I am no programmer or anything as dangerous and I still had lots of fun. Watching the whole event as an outsider I came to think about what this Microsoft phenomenon is about. Everybody present there hates their products. But they are there, even though mostly for the free software. It’s very interesting Microsoft relationship with their most important customers. The conferences Microsoft organizes for any reason all over the country (and probably around the world) targeted towards IT professionals, developers, and such. They are the early adopters and the influencers; they ultimately decide who’s going to use which program. They set the trend. So they get the free software. They will get the crack somewhere on the Internet anyway...

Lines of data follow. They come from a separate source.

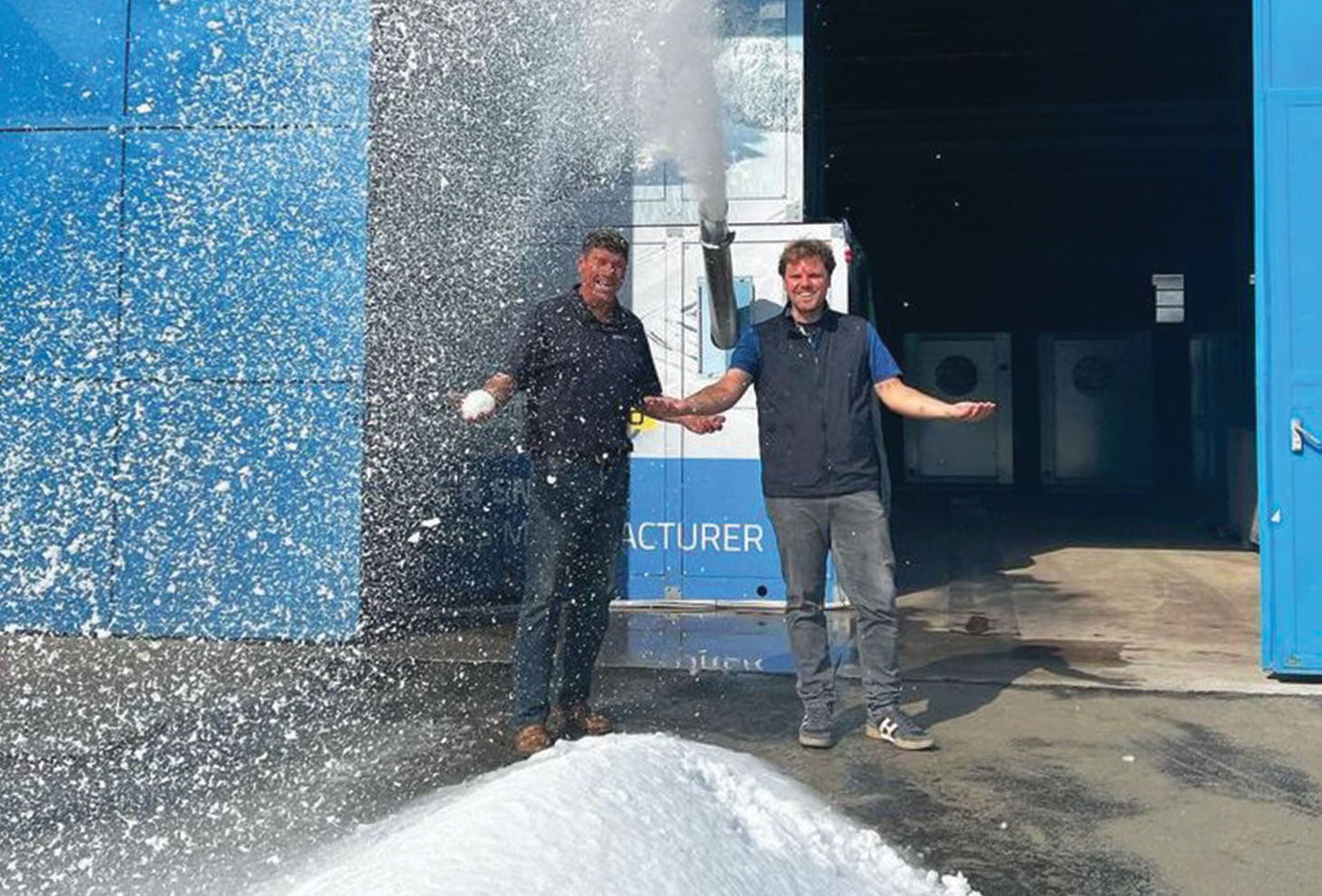 Albert Bronander and Roberto Penocchio standing in front of snow blowing machine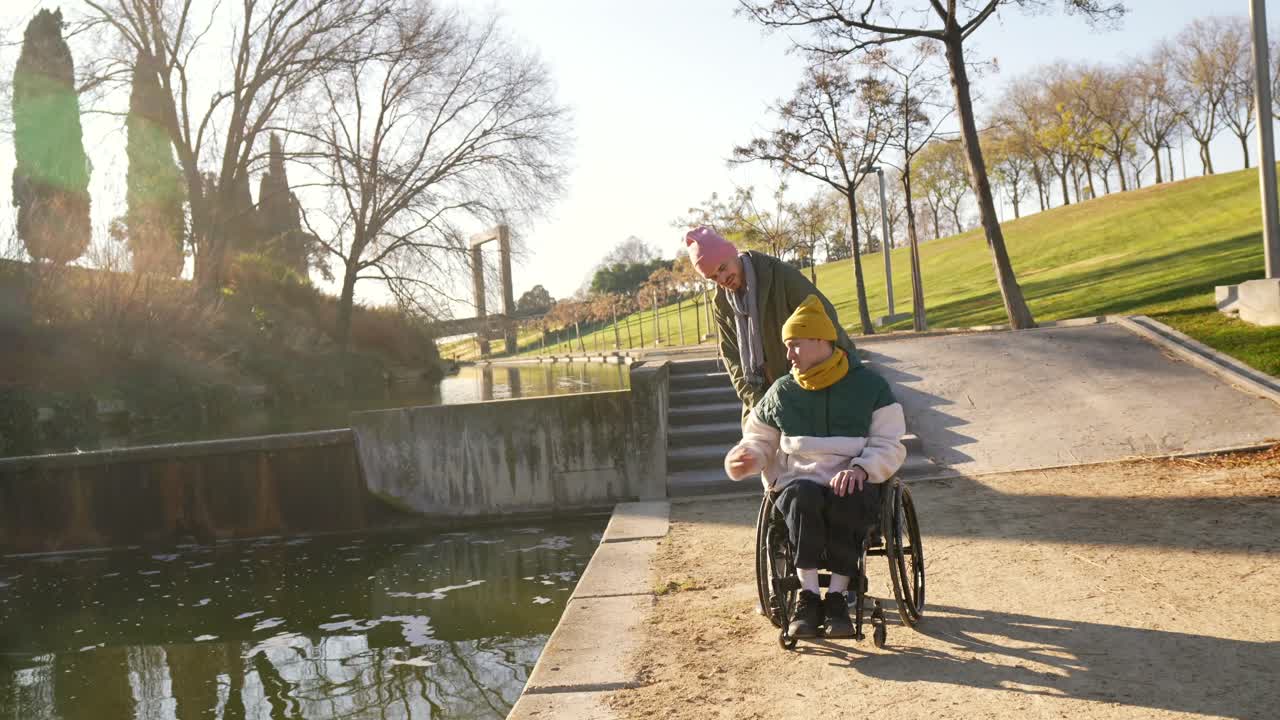 A disabled man in a wheelchair enjoying a walk in the park with a friend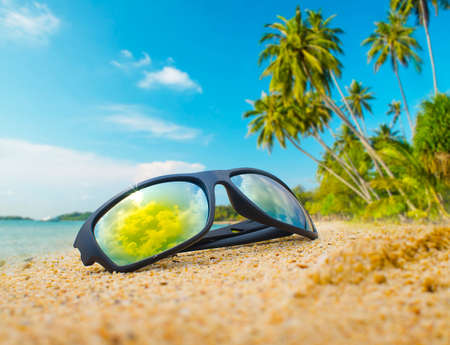 Sunglasses on the beachの写真素材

The other thing that makes me like Microsoft is how natural and genuine they brag about their new breakthrough and breathtaking new technology that is not new at all. Their tactic of rebranding stuff that’s been around for awhile and more importantly to convince the world to buy that stuff amazes me again and again. To paraphrase one of the speakers during a Visual Studio demonstration: It’s magical, it works!

Speaking of Visual Studio, Microsoft says that the next generation of web apps will be faster and easier to develop, more efficient, and a damn-awesome user experience. My friend who’s not only a computer genius but a wise computer genius stated that what Microsoft wants is to make everybody programming without writing any code.

I don’t know much about computers, I ain’t no Master of Windows, but I think Microsoft has a marketing strategy to look up to and take notes from. Their software? Maybe the geeky speaker was right commenting his colleague demonstration: I think you just proved your code sucks?


James Moore said...

Interesting view on series of interesting dichotomies.

Miky said...

I couldn't agree more! I think you forgot to mention a little something about how Microsoft prepares us for the future of programming without writing code: The D&D (Drag & Drop) Way.

After all, aren't they the ones who really put the Mouse in the hands of computer users, and put the Keyboard to shame (with it's only 3 relevant keys: Ctrl, Alt & Delete)

Anyways, you should check out Joel Spolsky's Architecture Astronauts post!